Emit a verbatim copy of the lines below from the line with "Overall lot showing" through the line with "Two people in", excluding pictures and everything outside that range.

- _Data section_:
--*--
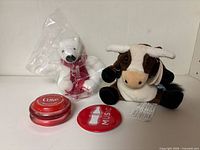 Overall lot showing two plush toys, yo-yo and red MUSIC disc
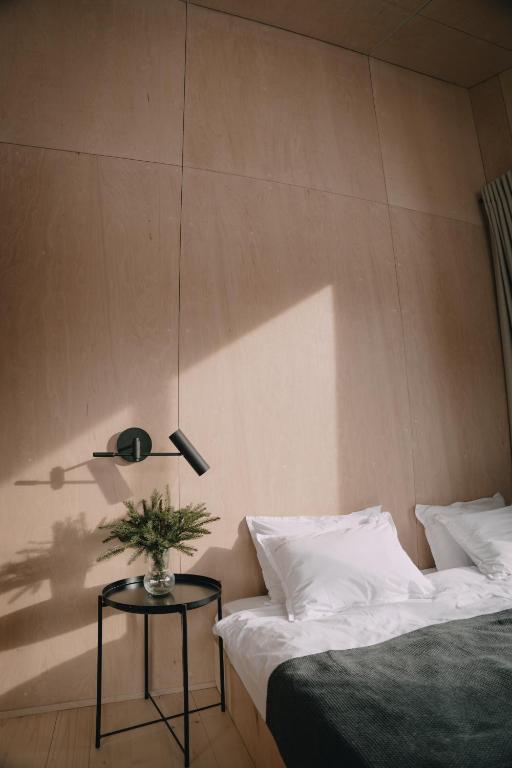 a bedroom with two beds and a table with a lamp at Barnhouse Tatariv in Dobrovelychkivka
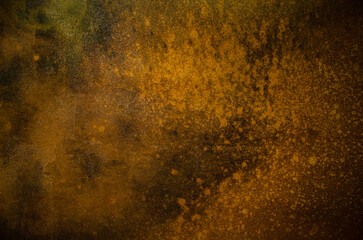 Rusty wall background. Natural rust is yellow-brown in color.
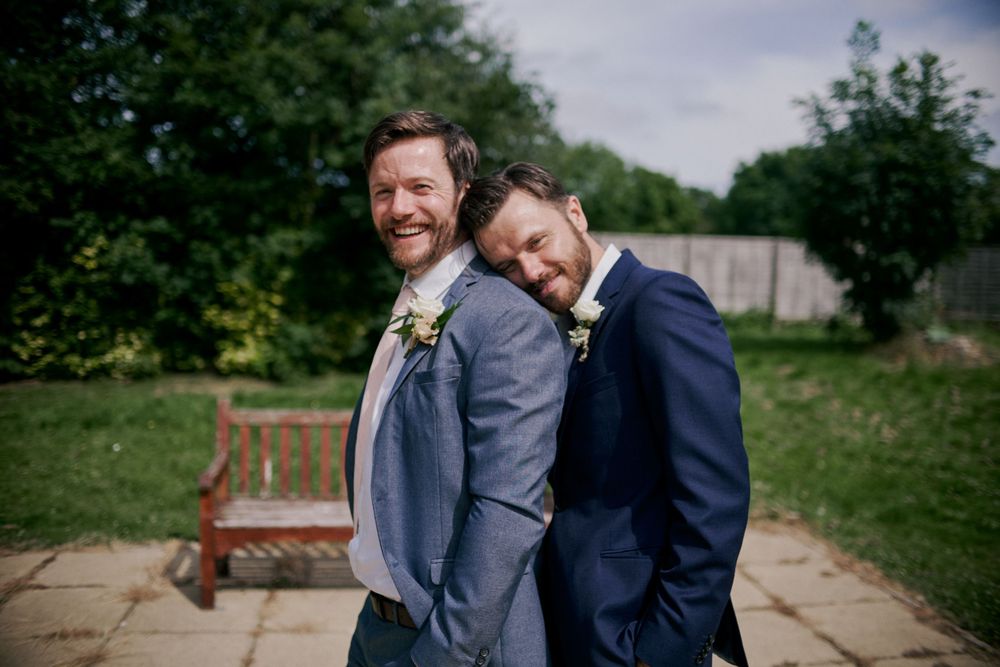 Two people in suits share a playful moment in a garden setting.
--*--
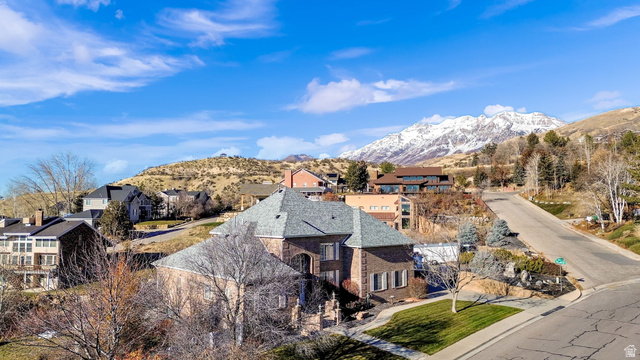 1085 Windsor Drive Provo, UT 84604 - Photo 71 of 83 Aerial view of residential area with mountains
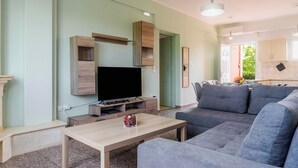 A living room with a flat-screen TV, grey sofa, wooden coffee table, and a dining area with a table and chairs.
--*--
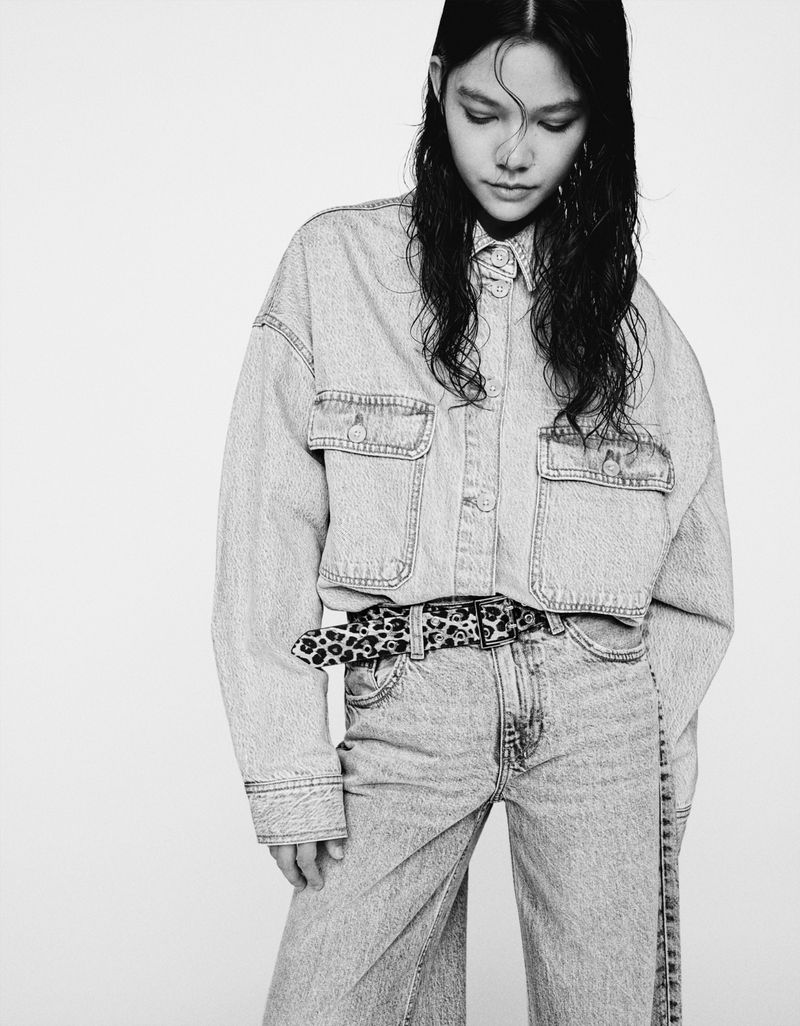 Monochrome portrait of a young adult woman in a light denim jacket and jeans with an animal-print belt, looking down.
--*--
- _Solved problem_:
 Overall lot showing two plush toys, yo-yo and red MUSIC disc
 a bedroom with two beds and a table with a lamp at Barnhouse Tatariv in Dobrovelychkivka
 Rusty wall background. Natural rust is yellow-brown in color.
 Two people in suits share a playful moment in a garden setting.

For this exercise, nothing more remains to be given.